- DATASET CONTENT -
———

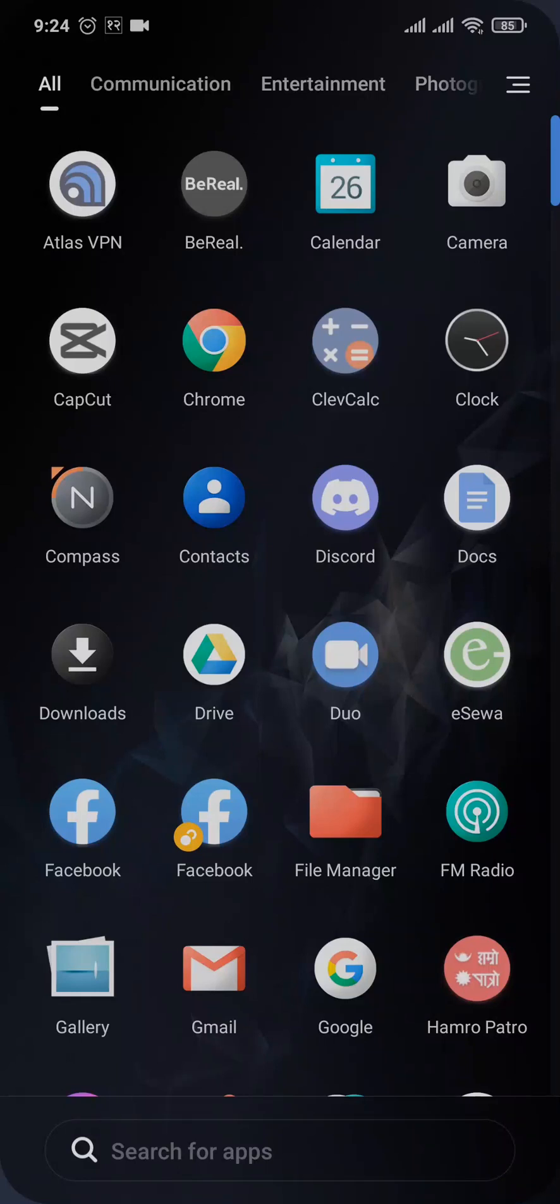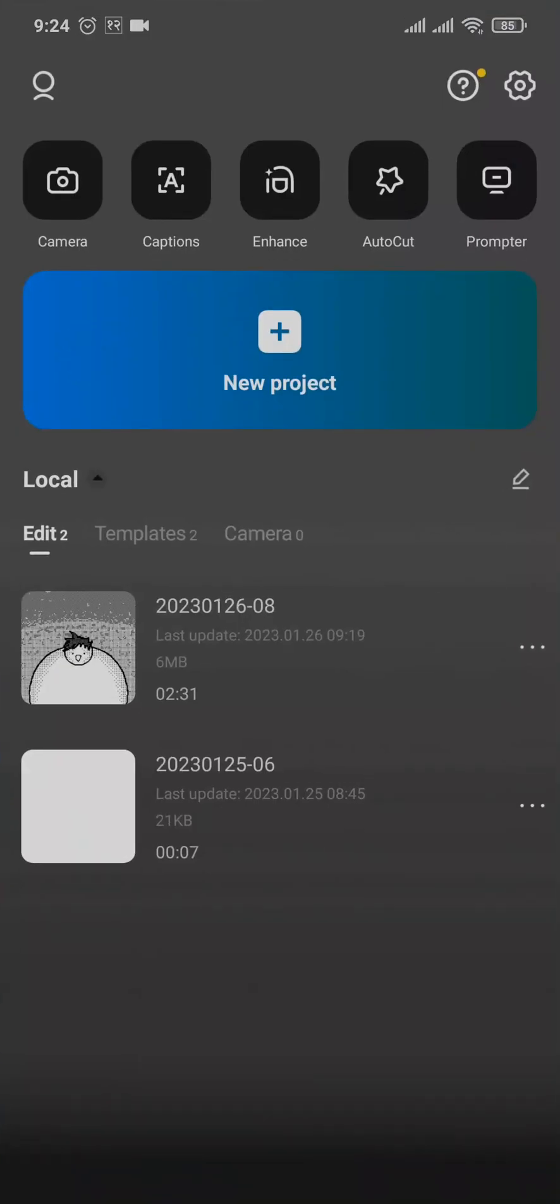In today's video, I'm going to show you how to remove the green screen on CapCut. First, let's head over to CapCut and then select the project or the video that you have the green screen on.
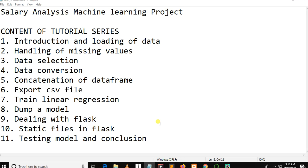Welcome back to my YouTube channel, this is Sara Analysis machine learning tutorial series. First of all, I would like to apologize for the late uploading of our tutorial series. We had fixed a timetable which made us unable to upload the remaining part of this tutorial series, so we are very sorry for that.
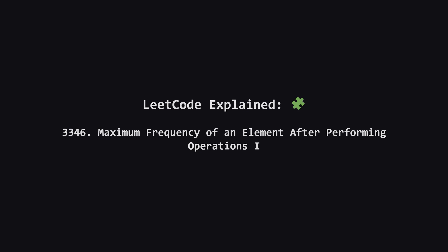Hey everyone and welcome. Today we're tackling a problem that's all about maximizing something. Specifically, the frequency of a number in a list. We'll be given a list of numbers and a certain number of operations we can perform to change them. Our goal is to figure out the best way to use those operations to get the highest possible count of a single number. Let's break it down.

———

- EXERCISE OBJECTIVE -
Could the material above be given again in full and exactly, with its pictures left out?

- EXPECTED ANSWER -
In today's video, I'm going to show you how to remove the green screen on CapCut. First, let's head over to CapCut and then select the project or the video that you have the green screen on.
Welcome back to my YouTube channel, this is Sara Analysis machine learning tutorial series. First of all, I would like to apologize for the late uploading of our tutorial series. We had fixed a timetable which made us unable to upload the remaining part of this tutorial series, so we are very sorry for that.
Hey everyone and welcome. Today we're tackling a problem that's all about maximizing something. Specifically, the frequency of a number in a list. We'll be given a list of numbers and a certain number of operations we can perform to change them. Our goal is to figure out the best way to use those operations to get the highest possible count of a single number. Let's break it down.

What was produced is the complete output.